Night Of The Living Dead
One of the greatest horror movies of the last half of the 20th century, George A. Romero’s 1968 classic Night Of The Living Dead is ground zero for the flesh-eating zombie subgenre. Taking place over the course of a single night, Romero’s film concentrates on a group of survivors taking refuge from a plague of the undead in a lonely farmhouse. In the end, however, they prove far more dangerous to each than the flesheaters, as a petty struggle for dominance dooms them to their horrible fate. The tragic ending is a crusher. Heroic Ben (Duane Jones), the lone survivor of the zombie siege is mistaken for a ghoul and killed by a trigger-happy posse of zombie hunters.
The Sixth Sense
Over two decades since its release, The Sixth Sense remains filmmaker M. Night Shyamalan’s best and most effective horror film.
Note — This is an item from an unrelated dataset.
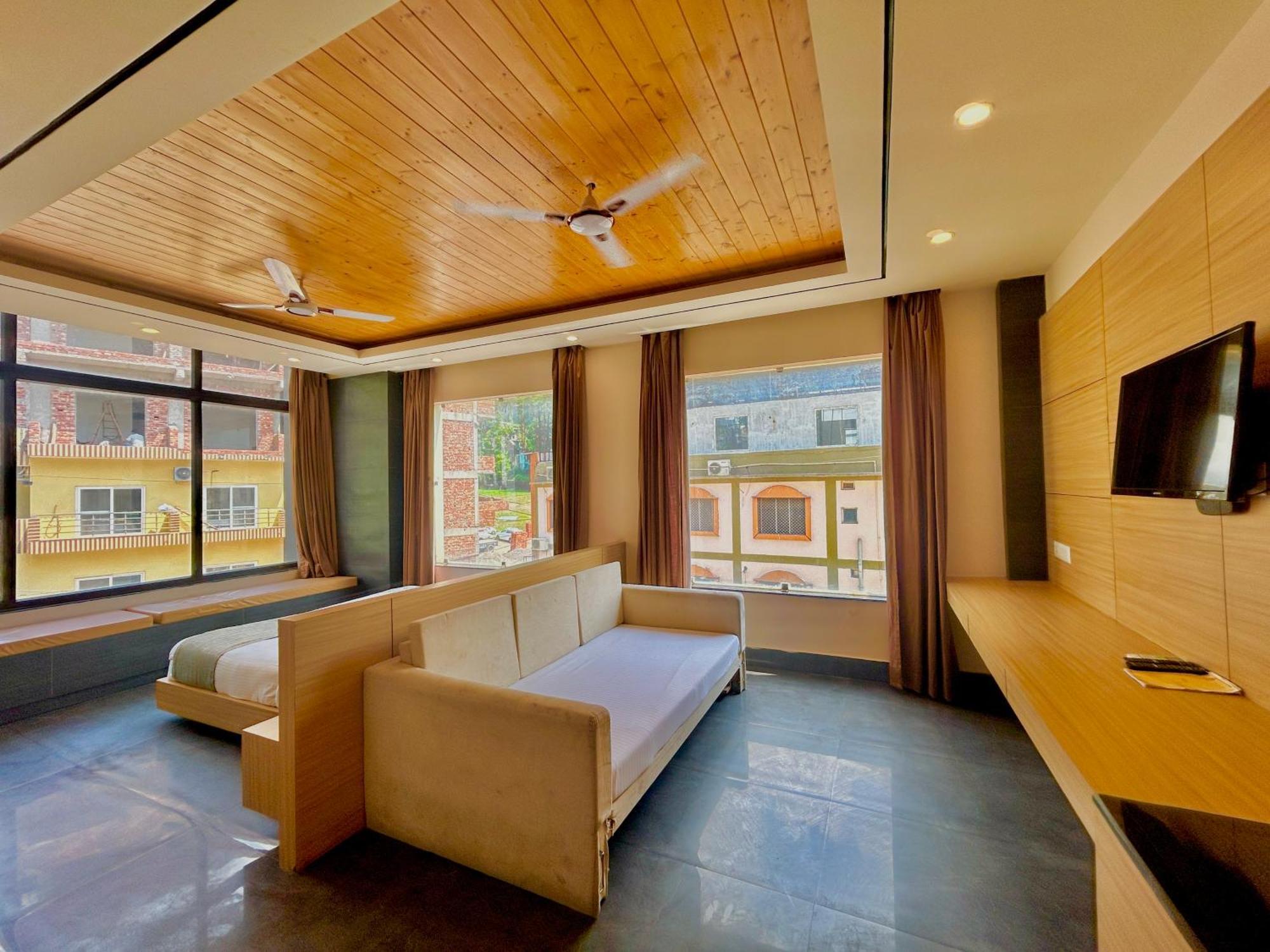 Hotel Aqua Vibes Rishikesh Ngoại thất bức ảnh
Haley Joel Osment stars as a Cole Sear, a sensitive little boy with the uncanny ability to see the dead. As his frightening gift begins to take an emotional toll on Cole and his mother (Toni Collette), child psychologist Malcolm Crowe (Bruce Willis) arrives on the scene to aid the child with his unusual problem. As the film concludes, Cole comes to grips with his power as a tool to relieve the suffering of the deceased and Malcolm Crowe is revealed to have himself been a ghost all along.
Based on Robert Bloch’s 1959 novel of the same name which itself was loosely based on the real-life story of murderer Ed Gein, Psycho is a landmark of the horror genre. Long before the term “spoiler” entered the pop culture lexicon, Alfred Hitchock, cinema’s celebrated master of suspense, expressly forbade audiences to reveal Psycho’s now legendary ending. Forbidding theater owners to allow late entry into the movie, Hitchcock successfully preserved one of the greatest shock endings in cinema history. Although even casual fans are no doubt aware that meek and mild motel owner Norman Bates (Anthony Perkins) murders in the guise of his dead mother, the revelation surely came as a terrifying surprise to audiences in 1960.